Sharing the Pain
By Elsa Fluss, IT Project Coordinator
My boyfriend and I crumpled into a sobbing heap on the floor of the basement bathroom at his mom’s house. It only took one glance at the pregnancy test to confirm what I had feared for a few days: I was pregnant. Questions and fears cascaded through my mind. What had I done? How could I be so stupid? What will my parents say? Am I being punished? What will my boyfriend do? How will I raise a child? How will I tell my family?
I knew right away that I would keep the baby and raise it, by myself if I had to. It took me two weeks, though, to tell my parents, and a few months to tell my friends from church. At the time I was working at a home improvement store, and in a week everyone at work knew. I was terrified of my parents’ reaction, but I knew without a doubt that the people I worked with would love and support me.

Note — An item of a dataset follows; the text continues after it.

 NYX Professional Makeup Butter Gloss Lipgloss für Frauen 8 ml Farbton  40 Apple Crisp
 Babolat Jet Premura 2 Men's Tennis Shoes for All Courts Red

Ask: What would your group’s reaction be to this woman?
When a woman is faced with pain in her life, she will often hide it initially. Once it becomes unbearable and she decides to let someone into her secret places of pain, her choice of a confidant might be surprising. It is often those closest to her that she will share with last.

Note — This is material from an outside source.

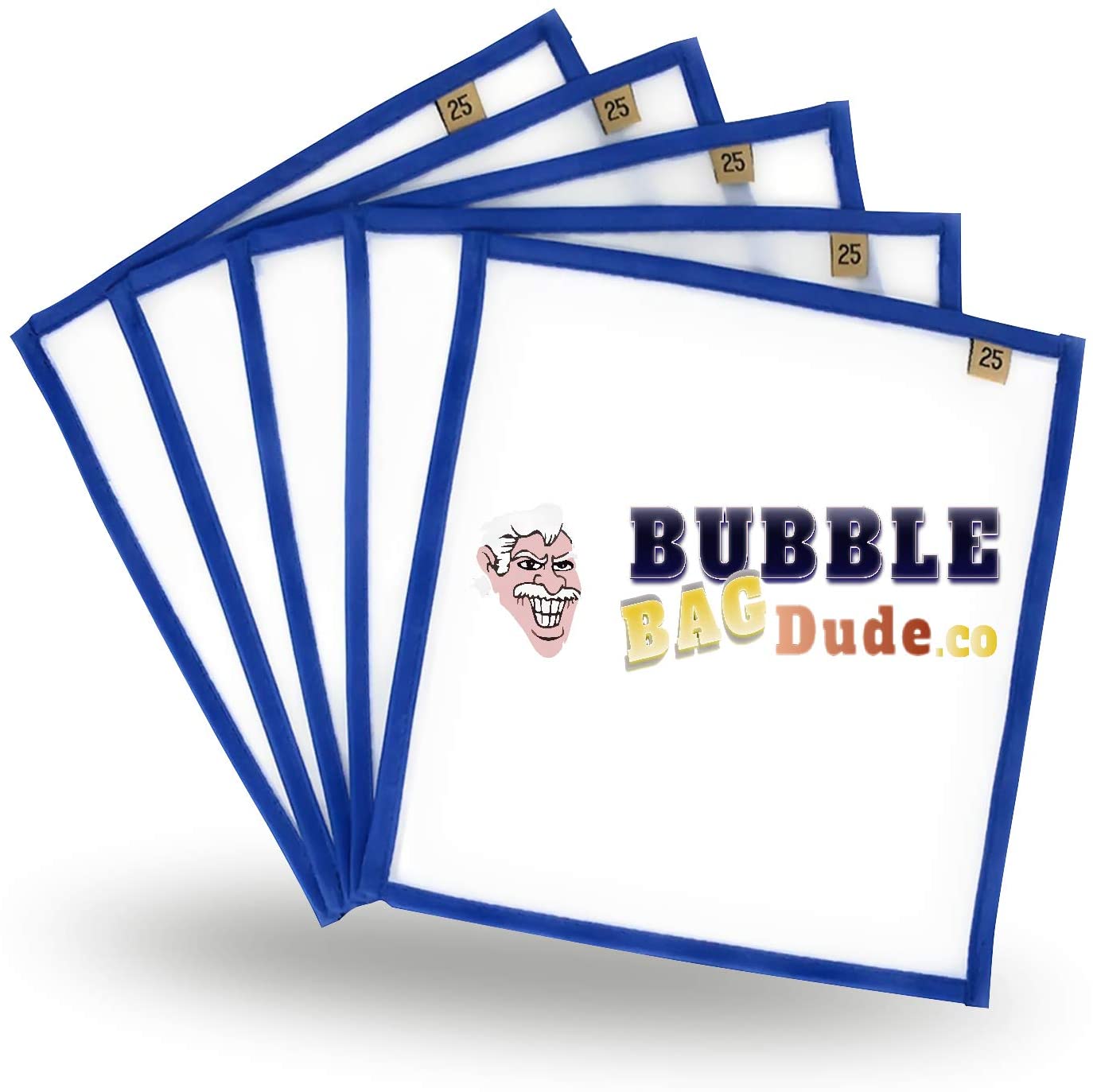 BUBBLEBAGDUDE Pressing Screen (5 Pack of 25 Micron) 10" x 10"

The first people many women turn to with their pain are people who allow her to be anonymous. This is most often true when the pain is accompanied by shame or guilt. These anonymous “friends” include people in online forums and discussion boards, but it is not limited to those distant people. A woman may also turn to someone who has been open with a similar situation in the past, or someone who has stood by a friend in a similar situation.
Ask: Why do you think this is so?
Read 2 Corinthians 1:3-7. If possible read from several translations.
Ask: What pattern is described in these verses as it relates to comfort and pain? What advice does this passage give your group about comfort in pain? Share how this passage either changes or confirms your thinking?
Many women feel relief simply from filling out an anonymous prayer request card.
Ask: In your MOPS group, how can you make sure there is a way for your moms to share without being identified?
There is a certain amount of expected tolerance and acceptance with someone who has been through the same kind of pain.
Ask: Why is it important to encourage honest sharing within a circle of trust in your discussion groups?